> [How to complete this task]:
Using the records below, repeat exactly the lines from the one holding "Buddha Stones Fall" through the one holding "Peter Thomas Roth", both ends included, and no others.

> [Data for analysis]:
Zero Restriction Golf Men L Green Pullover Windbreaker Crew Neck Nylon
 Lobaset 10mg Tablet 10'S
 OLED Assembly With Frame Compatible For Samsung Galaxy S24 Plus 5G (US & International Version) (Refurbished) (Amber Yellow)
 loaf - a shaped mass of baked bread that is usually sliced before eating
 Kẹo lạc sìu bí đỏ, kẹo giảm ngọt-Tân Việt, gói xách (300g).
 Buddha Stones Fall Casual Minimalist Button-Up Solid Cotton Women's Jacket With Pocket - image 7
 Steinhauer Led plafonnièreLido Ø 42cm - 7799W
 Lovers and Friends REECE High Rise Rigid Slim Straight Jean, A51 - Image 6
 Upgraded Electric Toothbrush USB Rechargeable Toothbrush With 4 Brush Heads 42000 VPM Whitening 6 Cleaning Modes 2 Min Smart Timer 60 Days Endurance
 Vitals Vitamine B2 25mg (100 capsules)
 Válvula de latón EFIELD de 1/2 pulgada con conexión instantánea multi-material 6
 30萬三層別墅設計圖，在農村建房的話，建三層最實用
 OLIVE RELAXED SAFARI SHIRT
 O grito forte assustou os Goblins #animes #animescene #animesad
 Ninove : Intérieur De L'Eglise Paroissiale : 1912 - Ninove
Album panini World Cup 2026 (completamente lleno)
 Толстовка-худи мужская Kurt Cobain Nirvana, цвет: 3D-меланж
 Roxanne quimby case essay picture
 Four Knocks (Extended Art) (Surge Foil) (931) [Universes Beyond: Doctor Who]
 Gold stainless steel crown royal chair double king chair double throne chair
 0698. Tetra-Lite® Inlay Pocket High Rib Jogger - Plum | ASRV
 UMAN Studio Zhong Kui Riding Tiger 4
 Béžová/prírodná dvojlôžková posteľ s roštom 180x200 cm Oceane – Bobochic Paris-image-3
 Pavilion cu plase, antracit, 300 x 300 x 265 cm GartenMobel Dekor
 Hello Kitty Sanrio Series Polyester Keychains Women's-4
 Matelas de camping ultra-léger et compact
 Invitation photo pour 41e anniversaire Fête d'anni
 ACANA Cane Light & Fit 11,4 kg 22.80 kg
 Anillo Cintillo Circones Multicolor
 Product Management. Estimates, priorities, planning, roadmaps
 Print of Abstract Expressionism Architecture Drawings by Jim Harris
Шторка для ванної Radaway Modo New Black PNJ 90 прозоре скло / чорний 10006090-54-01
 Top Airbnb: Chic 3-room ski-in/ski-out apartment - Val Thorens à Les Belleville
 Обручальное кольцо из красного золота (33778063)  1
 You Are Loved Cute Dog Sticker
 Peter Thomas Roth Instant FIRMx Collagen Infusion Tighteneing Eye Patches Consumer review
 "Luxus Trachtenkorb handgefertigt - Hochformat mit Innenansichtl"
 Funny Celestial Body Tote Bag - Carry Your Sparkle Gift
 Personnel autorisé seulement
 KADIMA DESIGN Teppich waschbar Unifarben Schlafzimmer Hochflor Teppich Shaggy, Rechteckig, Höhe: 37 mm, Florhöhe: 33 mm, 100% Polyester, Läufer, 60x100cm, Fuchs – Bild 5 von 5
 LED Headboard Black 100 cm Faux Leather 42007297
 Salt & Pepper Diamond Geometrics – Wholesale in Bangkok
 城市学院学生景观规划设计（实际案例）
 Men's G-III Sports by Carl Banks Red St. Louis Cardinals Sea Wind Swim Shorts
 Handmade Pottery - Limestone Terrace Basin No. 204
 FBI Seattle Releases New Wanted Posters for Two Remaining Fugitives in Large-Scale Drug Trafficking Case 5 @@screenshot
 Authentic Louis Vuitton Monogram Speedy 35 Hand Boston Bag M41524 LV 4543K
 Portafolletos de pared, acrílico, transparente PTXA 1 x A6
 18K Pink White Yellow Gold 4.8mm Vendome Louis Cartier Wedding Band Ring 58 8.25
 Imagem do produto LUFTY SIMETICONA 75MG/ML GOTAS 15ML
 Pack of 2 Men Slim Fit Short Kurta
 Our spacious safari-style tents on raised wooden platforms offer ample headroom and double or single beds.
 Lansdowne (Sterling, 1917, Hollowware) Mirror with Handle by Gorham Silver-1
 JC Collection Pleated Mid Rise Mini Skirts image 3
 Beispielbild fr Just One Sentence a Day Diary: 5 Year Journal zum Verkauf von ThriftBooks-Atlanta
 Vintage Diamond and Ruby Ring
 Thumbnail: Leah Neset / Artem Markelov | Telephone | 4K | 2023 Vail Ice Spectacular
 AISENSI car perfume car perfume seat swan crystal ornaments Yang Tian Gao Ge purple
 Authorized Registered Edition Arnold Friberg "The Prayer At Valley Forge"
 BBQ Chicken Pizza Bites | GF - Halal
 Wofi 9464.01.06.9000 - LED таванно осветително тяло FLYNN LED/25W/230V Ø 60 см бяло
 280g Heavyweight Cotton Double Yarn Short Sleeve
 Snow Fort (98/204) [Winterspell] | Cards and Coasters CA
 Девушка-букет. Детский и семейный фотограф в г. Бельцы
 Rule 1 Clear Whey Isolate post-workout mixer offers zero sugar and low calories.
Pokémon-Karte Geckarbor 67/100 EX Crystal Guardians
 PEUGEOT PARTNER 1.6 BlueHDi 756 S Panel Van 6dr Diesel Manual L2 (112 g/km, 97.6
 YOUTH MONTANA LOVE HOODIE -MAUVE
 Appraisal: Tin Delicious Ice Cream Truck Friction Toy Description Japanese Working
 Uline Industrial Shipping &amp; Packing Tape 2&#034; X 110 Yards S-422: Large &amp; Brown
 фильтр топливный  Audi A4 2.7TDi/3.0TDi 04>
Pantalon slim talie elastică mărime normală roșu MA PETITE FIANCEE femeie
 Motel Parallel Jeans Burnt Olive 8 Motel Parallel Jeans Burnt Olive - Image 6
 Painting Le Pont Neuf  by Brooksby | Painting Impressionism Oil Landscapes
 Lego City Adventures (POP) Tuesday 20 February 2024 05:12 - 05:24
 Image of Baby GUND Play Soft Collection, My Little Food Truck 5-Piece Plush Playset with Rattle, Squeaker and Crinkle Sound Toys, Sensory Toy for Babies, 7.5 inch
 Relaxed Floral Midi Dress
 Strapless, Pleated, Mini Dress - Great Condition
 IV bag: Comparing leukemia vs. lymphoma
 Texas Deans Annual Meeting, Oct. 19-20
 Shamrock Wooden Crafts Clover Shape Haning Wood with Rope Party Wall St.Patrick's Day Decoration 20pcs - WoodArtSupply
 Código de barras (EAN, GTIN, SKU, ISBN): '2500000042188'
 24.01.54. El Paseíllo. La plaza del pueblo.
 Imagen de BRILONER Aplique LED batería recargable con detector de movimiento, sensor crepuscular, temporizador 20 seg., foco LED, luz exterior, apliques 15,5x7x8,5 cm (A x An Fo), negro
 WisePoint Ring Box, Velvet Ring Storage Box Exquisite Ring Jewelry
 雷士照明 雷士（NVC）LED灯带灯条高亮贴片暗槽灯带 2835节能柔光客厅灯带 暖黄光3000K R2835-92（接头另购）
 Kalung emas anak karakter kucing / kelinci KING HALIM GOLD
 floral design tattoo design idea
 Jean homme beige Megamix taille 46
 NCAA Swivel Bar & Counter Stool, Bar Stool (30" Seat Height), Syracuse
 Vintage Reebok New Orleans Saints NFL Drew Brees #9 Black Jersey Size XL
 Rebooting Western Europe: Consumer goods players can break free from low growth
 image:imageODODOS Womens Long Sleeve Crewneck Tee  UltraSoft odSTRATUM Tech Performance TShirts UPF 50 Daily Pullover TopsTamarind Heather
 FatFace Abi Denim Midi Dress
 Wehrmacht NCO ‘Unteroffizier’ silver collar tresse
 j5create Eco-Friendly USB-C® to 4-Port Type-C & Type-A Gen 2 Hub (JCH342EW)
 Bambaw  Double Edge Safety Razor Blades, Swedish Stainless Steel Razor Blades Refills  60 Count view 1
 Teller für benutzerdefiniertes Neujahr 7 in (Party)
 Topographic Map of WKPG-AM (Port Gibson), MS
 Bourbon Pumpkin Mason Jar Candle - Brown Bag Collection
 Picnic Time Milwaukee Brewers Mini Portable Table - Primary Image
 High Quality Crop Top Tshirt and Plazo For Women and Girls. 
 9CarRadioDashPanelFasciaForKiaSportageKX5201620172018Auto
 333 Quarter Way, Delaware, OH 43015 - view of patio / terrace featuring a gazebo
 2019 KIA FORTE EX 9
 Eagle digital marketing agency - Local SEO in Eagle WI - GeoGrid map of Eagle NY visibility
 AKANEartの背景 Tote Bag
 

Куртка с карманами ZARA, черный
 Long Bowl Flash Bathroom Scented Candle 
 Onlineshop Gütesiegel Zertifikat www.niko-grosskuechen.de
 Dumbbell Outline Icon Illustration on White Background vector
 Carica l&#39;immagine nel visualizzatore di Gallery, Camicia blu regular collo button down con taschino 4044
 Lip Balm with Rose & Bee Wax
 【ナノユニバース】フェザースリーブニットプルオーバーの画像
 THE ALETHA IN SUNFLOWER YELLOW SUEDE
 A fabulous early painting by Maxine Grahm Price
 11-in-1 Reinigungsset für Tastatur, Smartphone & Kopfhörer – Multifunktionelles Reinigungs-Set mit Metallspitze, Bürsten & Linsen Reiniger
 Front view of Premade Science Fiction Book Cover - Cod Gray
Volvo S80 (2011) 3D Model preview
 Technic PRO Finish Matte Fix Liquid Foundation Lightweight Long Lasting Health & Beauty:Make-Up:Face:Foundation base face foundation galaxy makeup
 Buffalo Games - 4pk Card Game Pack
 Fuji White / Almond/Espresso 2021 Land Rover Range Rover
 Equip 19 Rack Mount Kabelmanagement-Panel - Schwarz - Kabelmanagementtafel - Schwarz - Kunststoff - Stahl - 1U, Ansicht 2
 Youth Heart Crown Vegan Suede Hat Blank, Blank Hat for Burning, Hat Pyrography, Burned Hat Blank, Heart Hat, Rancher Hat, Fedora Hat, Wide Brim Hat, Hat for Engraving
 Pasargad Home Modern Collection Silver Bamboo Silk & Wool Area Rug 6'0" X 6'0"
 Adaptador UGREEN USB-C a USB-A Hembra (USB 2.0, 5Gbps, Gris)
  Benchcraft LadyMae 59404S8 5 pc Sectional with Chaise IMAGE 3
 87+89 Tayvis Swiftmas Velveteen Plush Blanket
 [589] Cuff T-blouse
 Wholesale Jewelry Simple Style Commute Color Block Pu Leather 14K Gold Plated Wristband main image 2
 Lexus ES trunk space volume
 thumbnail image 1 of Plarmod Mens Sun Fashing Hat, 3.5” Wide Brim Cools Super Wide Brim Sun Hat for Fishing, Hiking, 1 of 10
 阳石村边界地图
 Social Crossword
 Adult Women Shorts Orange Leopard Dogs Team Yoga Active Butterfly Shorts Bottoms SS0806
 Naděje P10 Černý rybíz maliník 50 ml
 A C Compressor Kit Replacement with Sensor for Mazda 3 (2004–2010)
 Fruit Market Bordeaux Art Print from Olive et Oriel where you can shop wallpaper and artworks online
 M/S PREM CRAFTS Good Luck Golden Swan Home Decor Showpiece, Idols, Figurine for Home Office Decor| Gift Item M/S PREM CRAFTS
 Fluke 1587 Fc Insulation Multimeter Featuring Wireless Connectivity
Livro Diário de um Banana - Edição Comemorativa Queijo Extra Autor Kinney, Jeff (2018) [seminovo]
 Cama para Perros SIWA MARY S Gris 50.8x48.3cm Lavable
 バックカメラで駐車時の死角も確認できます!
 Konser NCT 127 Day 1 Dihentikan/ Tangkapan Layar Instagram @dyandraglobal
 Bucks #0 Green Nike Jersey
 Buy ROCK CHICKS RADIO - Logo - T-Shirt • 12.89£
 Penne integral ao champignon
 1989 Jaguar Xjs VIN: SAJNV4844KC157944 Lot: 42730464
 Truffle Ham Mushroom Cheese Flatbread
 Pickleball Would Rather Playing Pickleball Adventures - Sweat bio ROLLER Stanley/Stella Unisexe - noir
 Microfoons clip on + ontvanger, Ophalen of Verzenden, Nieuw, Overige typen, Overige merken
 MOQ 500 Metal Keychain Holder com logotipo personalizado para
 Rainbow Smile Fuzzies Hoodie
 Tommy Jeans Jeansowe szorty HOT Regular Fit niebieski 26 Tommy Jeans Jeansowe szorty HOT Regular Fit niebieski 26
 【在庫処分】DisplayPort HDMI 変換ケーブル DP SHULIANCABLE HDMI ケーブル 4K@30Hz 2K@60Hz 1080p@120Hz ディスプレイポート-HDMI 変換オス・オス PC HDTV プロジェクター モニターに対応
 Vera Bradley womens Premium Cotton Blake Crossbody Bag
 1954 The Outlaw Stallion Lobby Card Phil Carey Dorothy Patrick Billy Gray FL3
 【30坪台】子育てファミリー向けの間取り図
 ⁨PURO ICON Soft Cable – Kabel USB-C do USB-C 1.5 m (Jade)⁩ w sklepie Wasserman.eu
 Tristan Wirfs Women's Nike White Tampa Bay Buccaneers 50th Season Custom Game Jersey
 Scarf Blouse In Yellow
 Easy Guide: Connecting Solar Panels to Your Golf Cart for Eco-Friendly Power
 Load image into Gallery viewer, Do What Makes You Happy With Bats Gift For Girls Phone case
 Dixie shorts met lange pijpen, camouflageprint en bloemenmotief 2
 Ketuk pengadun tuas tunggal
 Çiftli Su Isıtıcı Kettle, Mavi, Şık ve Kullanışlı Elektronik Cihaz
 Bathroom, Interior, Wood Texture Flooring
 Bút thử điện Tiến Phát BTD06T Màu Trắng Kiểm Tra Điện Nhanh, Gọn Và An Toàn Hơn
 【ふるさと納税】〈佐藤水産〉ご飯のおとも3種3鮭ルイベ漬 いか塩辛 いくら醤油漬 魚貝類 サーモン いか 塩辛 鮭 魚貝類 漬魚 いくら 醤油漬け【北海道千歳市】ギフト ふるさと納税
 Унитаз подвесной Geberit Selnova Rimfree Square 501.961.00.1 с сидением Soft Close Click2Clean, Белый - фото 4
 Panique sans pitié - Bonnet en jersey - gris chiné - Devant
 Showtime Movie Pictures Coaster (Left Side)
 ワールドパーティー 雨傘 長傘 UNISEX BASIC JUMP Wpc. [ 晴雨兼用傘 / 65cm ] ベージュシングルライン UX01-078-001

> [Task output]:
 Buddha Stones Fall Casual Minimalist Button-Up Solid Cotton Women's Jacket With Pocket - image 7
 Steinhauer Led plafonnièreLido Ø 42cm - 7799W
 Lovers and Friends REECE High Rise Rigid Slim Straight Jean, A51 - Image 6
 Upgraded Electric Toothbrush USB Rechargeable Toothbrush With 4 Brush Heads 42000 VPM Whitening 6 Cleaning Modes 2 Min Smart Timer 60 Days Endurance
 Vitals Vitamine B2 25mg (100 capsules)
 Válvula de latón EFIELD de 1/2 pulgada con conexión instantánea multi-material 6
 30萬三層別墅設計圖，在農村建房的話，建三層最實用
 OLIVE RELAXED SAFARI SHIRT
 O grito forte assustou os Goblins #animes #animescene #animesad
 Ninove : Intérieur De L'Eglise Paroissiale : 1912 - Ninove
Album panini World Cup 2026 (completamente lleno)
 Толстовка-худи мужская Kurt Cobain Nirvana, цвет: 3D-меланж
 Roxanne quimby case essay picture
 Four Knocks (Extended Art) (Surge Foil) (931) [Universes Beyond: Doctor Who]
 Gold stainless steel crown royal chair double king chair double throne chair
 0698. Tetra-Lite® Inlay Pocket High Rib Jogger - Plum | ASRV
 UMAN Studio Zhong Kui Riding Tiger 4
 Béžová/prírodná dvojlôžková posteľ s roštom 180x200 cm Oceane – Bobochic Paris-image-3
 Pavilion cu plase, antracit, 300 x 300 x 265 cm GartenMobel Dekor
 Hello Kitty Sanrio Series Polyester Keychains Women's-4
 Matelas de camping ultra-léger et compact
 Invitation photo pour 41e anniversaire Fête d'anni
 ACANA Cane Light & Fit 11,4 kg 22.80 kg
 Anillo Cintillo Circones Multicolor
 Product Management. Estimates, priorities, planning, roadmaps
 Print of Abstract Expressionism Architecture Drawings by Jim Harris
Шторка для ванної Radaway Modo New Black PNJ 90 прозоре скло / чорний 10006090-54-01
 Top Airbnb: Chic 3-room ski-in/ski-out apartment - Val Thorens à Les Belleville
 Обручальное кольцо из красного золота (33778063)  1
 You Are Loved Cute Dog Sticker
 Peter Thomas Roth Instant FIRMx Collagen Infusion Tighteneing Eye Patches Consumer review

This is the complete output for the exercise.